Indeed the negative affect of delayed planting can be made worse by growing season weather or it can be offset by ideal summer conditions.
For example, in 2013 only 28 percent of corn was planted by May 12 but things quickly turned for the better and the national average yield that year was 158 bushels per acre, pretty much right on the trend.
But the year before, 87 percent was planted by that point in the spring but average yield was way below trend at only 123 bu. per acre because of summer drought.
So each year has its own characteristics. Traditionally, this type of spring would have some American farmers considering switching acres from corn into shorter season soybeans.
But the weakest soybean prices in a decade and the strained relationship with China is ruling out that idea. Corn’s price is not good, but it still holds the potential for stronger returns.
Or more accurately, the potential for less pain.
It does not look like it will be a happy marketing year for farmers on either side of the border.
Trade problems and prospects for rising grain surpluses have big money managers betting that crop prices will fall further.
Through May 7 they held record net short positions in grain and oilseed futures.
If U.S. seeding does sink under torrential rain, a short-covering rally could be in the cards. But bad weather would have to continue to offset concerns about trade and stocks to keep the rally going.

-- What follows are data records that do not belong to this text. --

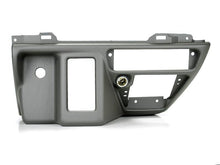 Load image into Gallery viewer, Sinister Diesel 1999-2004 Superduty Upfitter Panel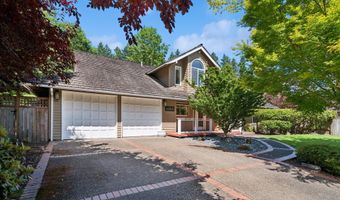 6555 SW DALE Ave, Beaverton, OR 97008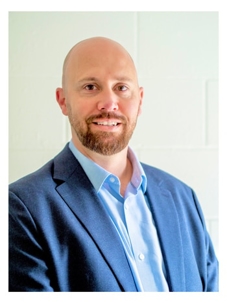 New Super Look, Same Super Service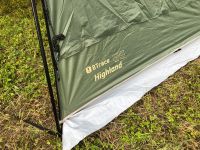 Лот: 19111233. Фото: 6. Шатер палатка BTrace Highland...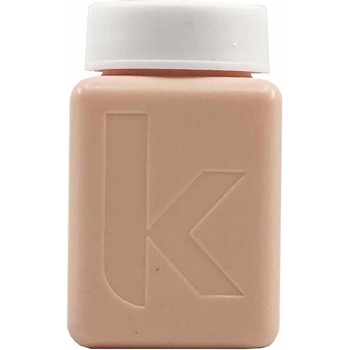 Kevin.Murphy Plumping.Wash Shampoo 40 ml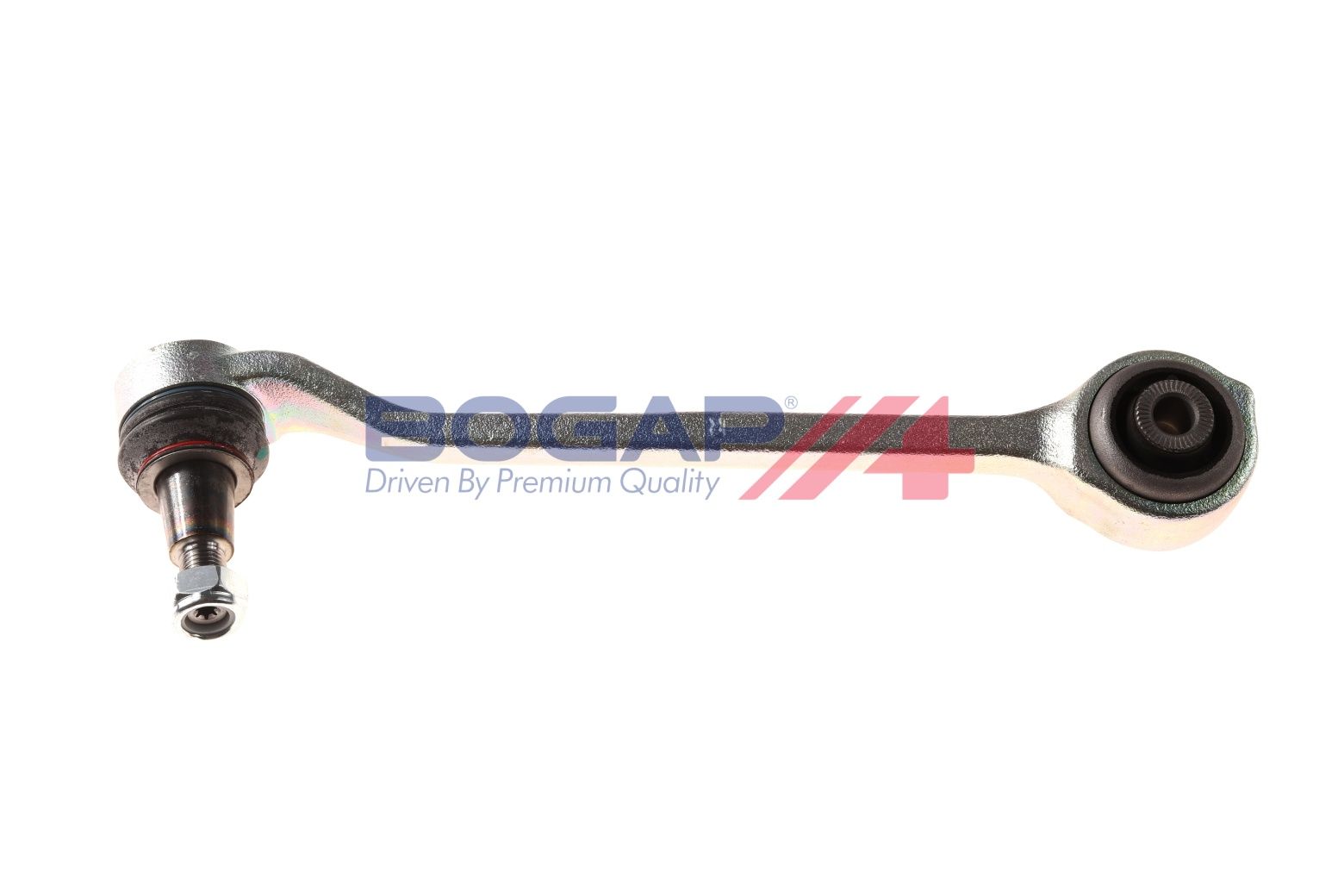 BOGAP B3327187 Control/Trailing Arm, Wheel Suspension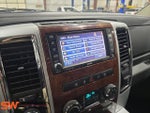 2010 Ram 1500 Thumbnail 20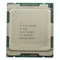Процессор ПК CPU Xeon W-2125 4.1G 4C 120W Lenovo (01AG205) 01AG205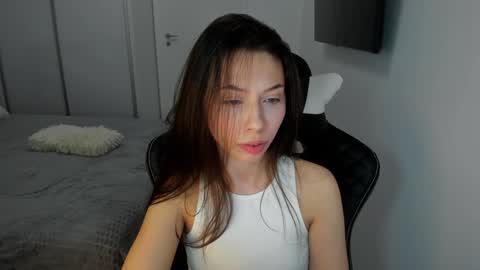 Snapshot of addavalery chatting on 02-01-25, 06:19 Adda online show from 02-01-25, 06:19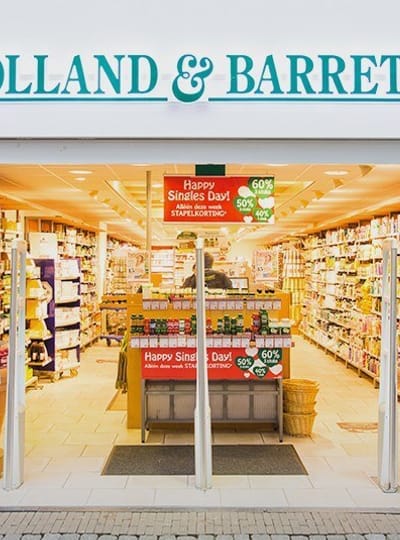 Holland and barrett venlo thumb jpg
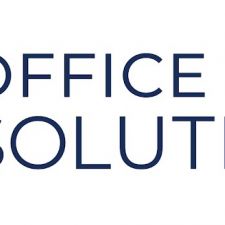 Office Copy Solutions in 5 Cold Hill Rd S Unit 12, Mendham Borough, NJ ...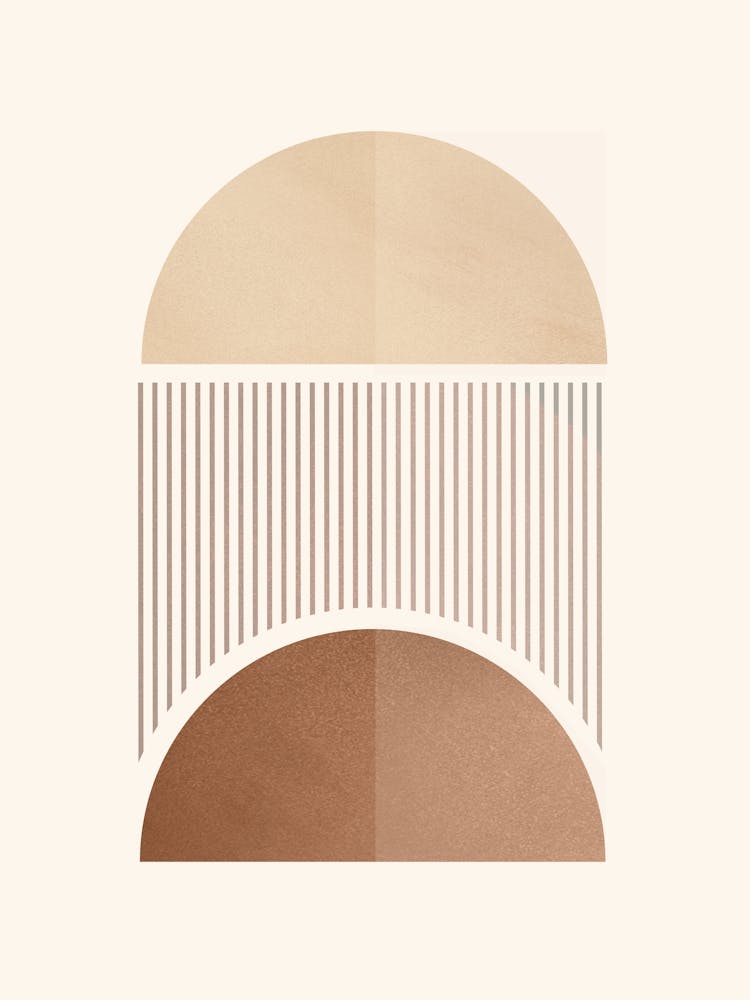 Minimal Geometric Shapes 94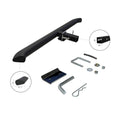 REAR HITCH STEP UNIVERSAL UNIVERSAL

The one consolation for our American neighbours is that U.S. President Donald Trump realizes his policies are hurting soybean and hog farmers. He personally does not have good ideas about how to help them — his tweets about buying American crops and dumping them on poor countries would be disastrous for markets and for the struggling farmers in the recipient countries — but his administration has taken the tried and tested path of simply giving farmers money.
The farm trade relief package last year has allocated about US$9.4 billion and the package for this year could be in the range of $15 to $20 billion.
Canada’s government is not interested in going beyond existing farm support programs to offset the hurt caused by another country’s trade war with China.